Images should be omitted while the rest of the data is duplicated exactly.

**MATERIAL PROVIDED:**
○ ○ ○ ○ ○

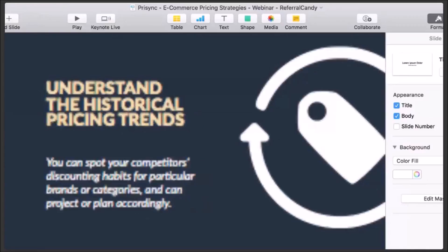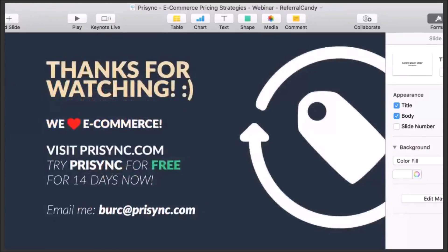Thanks so much for listening. I'm an e-commerce lover and I'm particularly interested in the pricing aspect. I like to discuss any aspect of e-commerce and try to do presentations, blog posts, and other content around pricing and e-commerce all the time. Regarding our software, please visit prisync.com and feel free to try it for 14 days. For any further questions, email me at burc@prisync.com. Now Raul, let's open it up for questions from the audience.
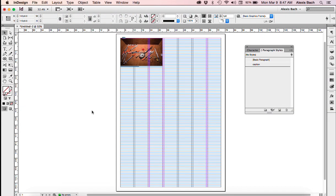For this movie, we're going to set up our baseline grid and apply it to our text, and we're also going to set up simple style sheets.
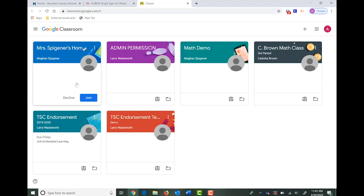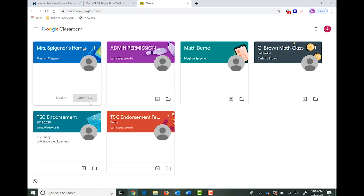So this class, Ms. Spigener's homeroom, I'm going to go ahead and click join. Once your student has joined the class, they will be able to access any announcements or updates in the stream area.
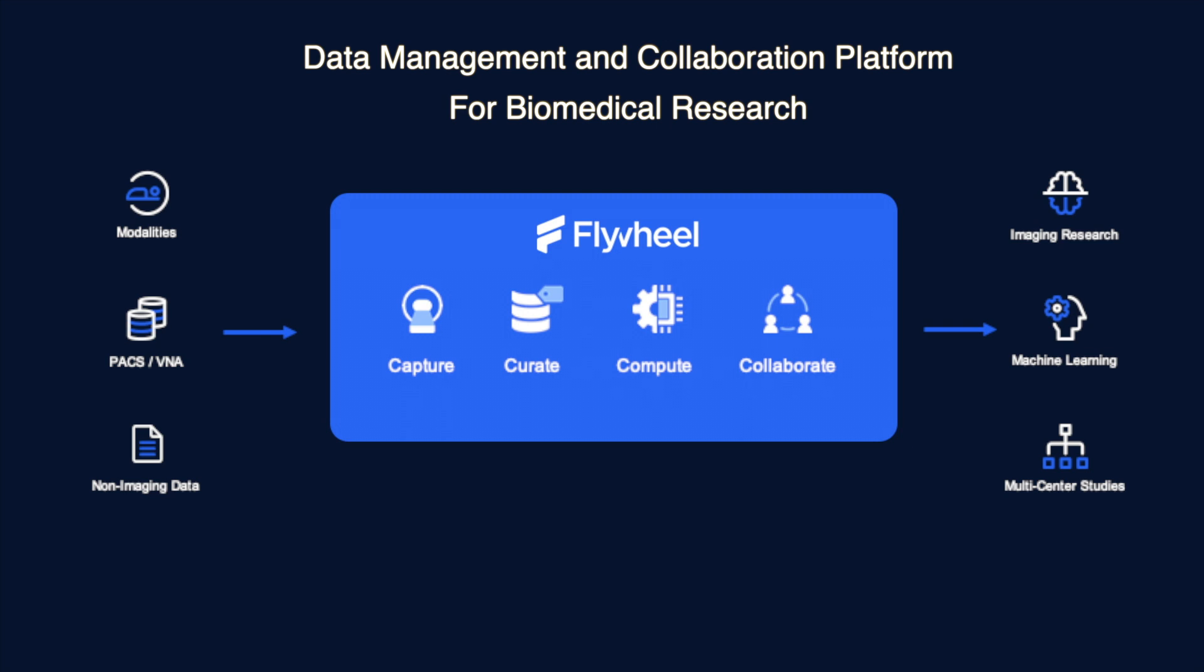Finally, with our federated identity service, we enable easy and secure data and algorithm sharing with researchers, collaborators, and commercial partners.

○ ○ ○ ○ ○

**RESULT OF THE EXERCISE:**
Thanks so much for listening. I'm an e-commerce lover and I'm particularly interested in the pricing aspect. I like to discuss any aspect of e-commerce and try to do presentations, blog posts, and other content around pricing and e-commerce all the time. Regarding our software, please visit prisync.com and feel free to try it for 14 days. For any further questions, email me at burc@prisync.com. Now Raul, let's open it up for questions from the audience.
For this movie, we're going to set up our baseline grid and apply it to our text, and we're also going to set up simple style sheets.
So this class, Ms. Spigener's homeroom, I'm going to go ahead and click join. Once your student has joined the class, they will be able to access any announcements or updates in the stream area.
Finally, with our federated identity service, we enable easy and secure data and algorithm sharing with researchers, collaborators, and commercial partners.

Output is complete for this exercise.